To Latter-day Saints, “fashion often is attached to ‘worthiness and chosenness,” says Graham-Russell, a doctoral candidate in religious studies at Harvard who also writes a fashion blog. “In spaces made of up of mostly white members, black members are hypervisible. Being one of a handful of black people in a given ward, the message they send with their clothing choices may not send the same message as their white counterparts because of stereotypes that exist concerning black men and women’s hypersexualization.”
What about millennials?
Last month, Sarah, a Brigham Young University junior, saw that it was snowing and decided it was too cold to wear a skirt to church. So she donned slacks and a matching blazer.
“I had not done it before,” she says, “but it felt good.”
Sarah says she got nothing but compliments from other women at church. Then she tweeted about it, and a firestorm erupted.
“Random men were telling me I was doing it for attention,” says Sarah, who asked that her last name not be used because of the flak she received. “They were making a bigger deal about it than I had intended it to be.”
The social media assaults escalated until she was compared to a “Nazi.” “In certain groups of millennial men in the church,” she says, “there’s still pushback and the mindset of toxic masculinity.”
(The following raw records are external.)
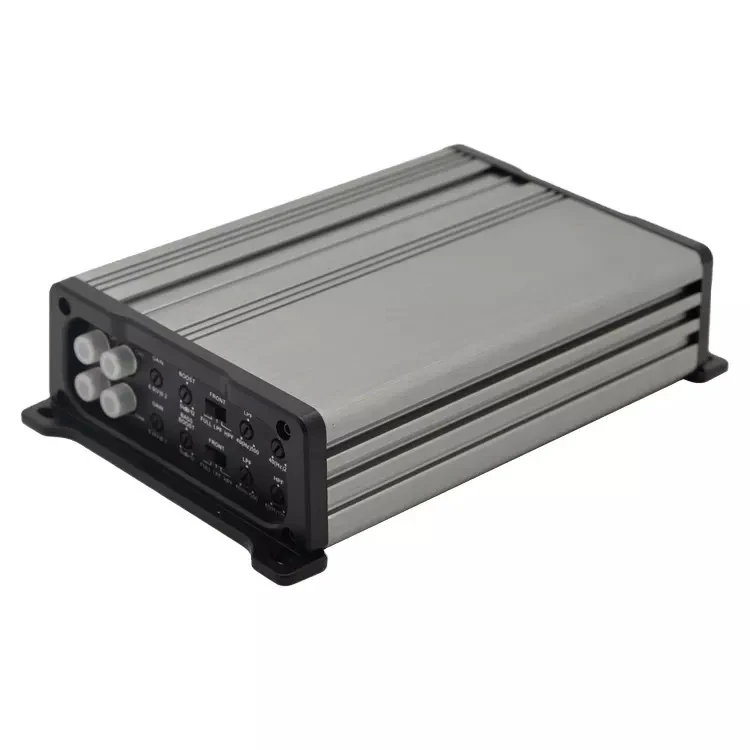 Распространён в США виде автомобильного усилителя класса D с аудио-д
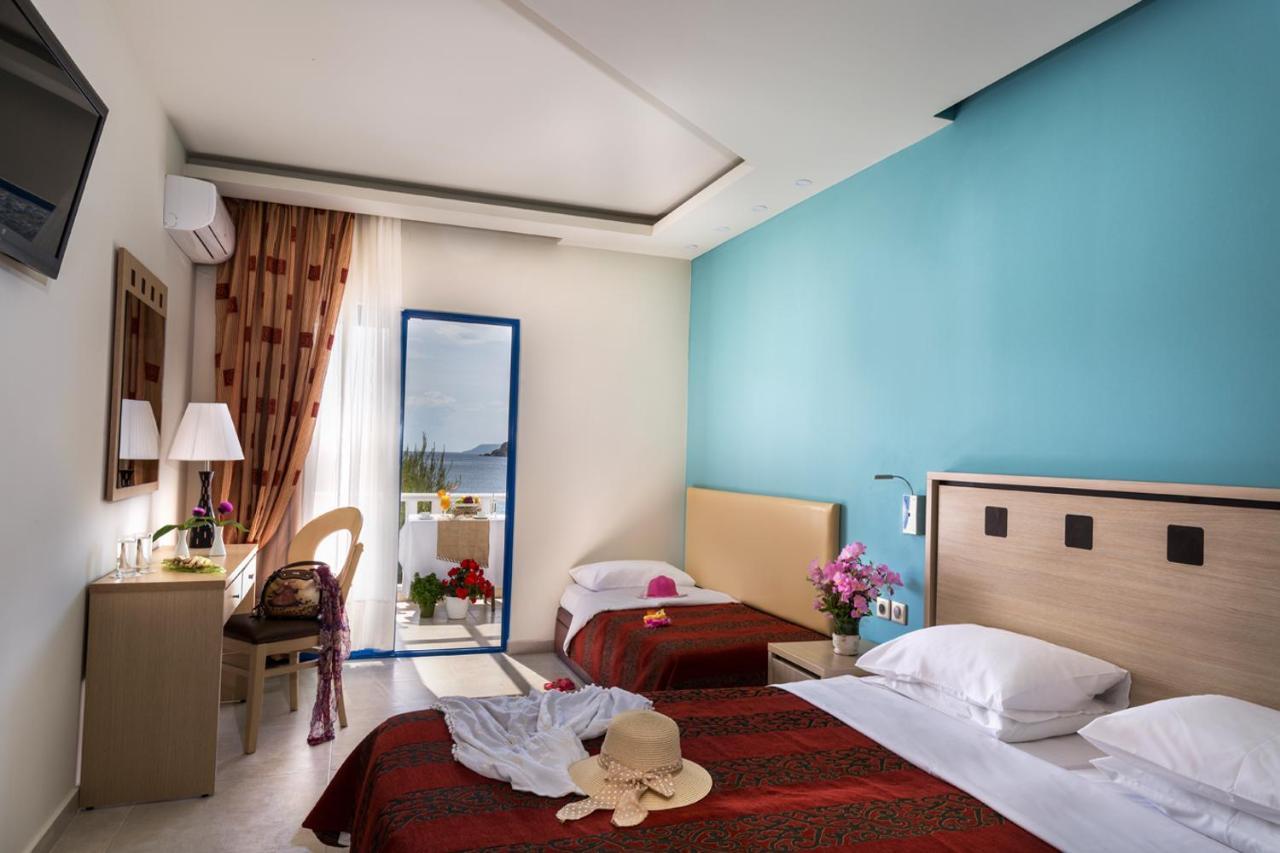 Triple Room,695860233:JPEG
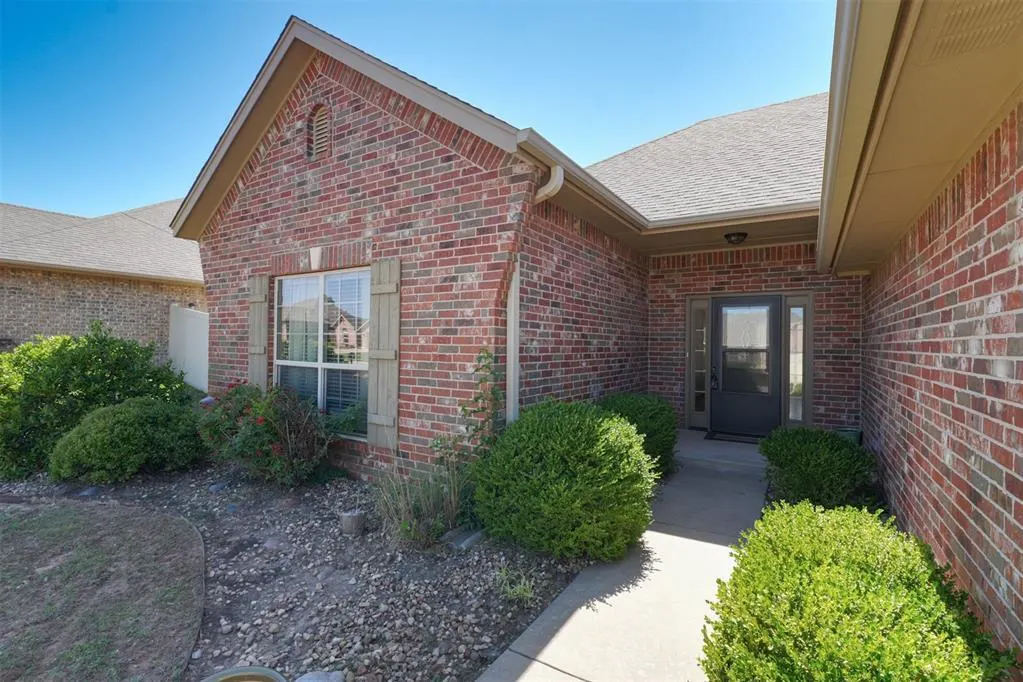 Photo 2 — 2016 Lantana Circle, Shawnee, OK 74804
Despite the critics, Sarah says, it was an “empowering experience.” She plans to do it again, saying it also sent a message that she is open to discuss issues within the church without judgment. And that everyone is welcome.
“No matter what you’re circumstances,” Sarah says, “we want you to be here and partake of the gospel.”
In the mission field
The First Presidency of The Church of Jesus Christ of Latter-day Saints has approved revised dress guidelines, allowing full-time female missionaries to wear dress slacks at their discretion.
In December, the Utah-based faith loosened the dress code for “sister missionaries,” allowing those in its 400-plus missions around the world to ditch their dresses and wear pants — at “their own discretion” — when they proselytize.
The new rules minimize the risk that women will contract vector-borne diseases from mosquitoes, ticks and fleas, Bonnie H. Cordon, Young Women general president, said in a news release.
The changes also make it easier for missionaries to ride bicycles and fend off the cold.
“It puts the woman’s comfort and practicality ahead of this perceived traditional look, which I think is a very positive development,” McBaine says. “I also think it has larger implications for the church to show that we can be accommodating to various cultures’ sense of modesty and propriety.”
The only catch? Skirts and dress are still required for worship services and even at missionary conferences.
“Without a hint of irony, this list of no-nos comes immediately after the assurance by Sister Cordon that the choice to wear pants vs. dresses is ‘truly optional.’” blogger Deborah writes at sistersquorum.com.
This move is, she says, “quite possibly intended to celebrate the benevolence of the rule-makers rather than promote the well-being of female missionaries.”
While women’s clothing standards have become more flexible, some worry that such diversity could undermine a collective sensibility.
“There is merit in emphasizing that Sunday worship is a time to show respect through our clothing and be set apart from the rest of the week in the way we physically prepare for it,” McBaine says. “We are becoming less and less a community tethered together by cultural practice and more of a community tethered by adherence to our covenants, but I do think it would be a shame if that cultural connector of respectful dress — whatever that means to the person — were to be lost altogether.”
For her part, Pants founder Lauritzen celebrates new dress standards for women.
“Our ultimate goal was to make pants at church seem normal and not a big deal,” she says. “If that is the case, then we won.”
Someday, Lauritzen predicts, “women holding the priesthood won’t be a big deal, either.”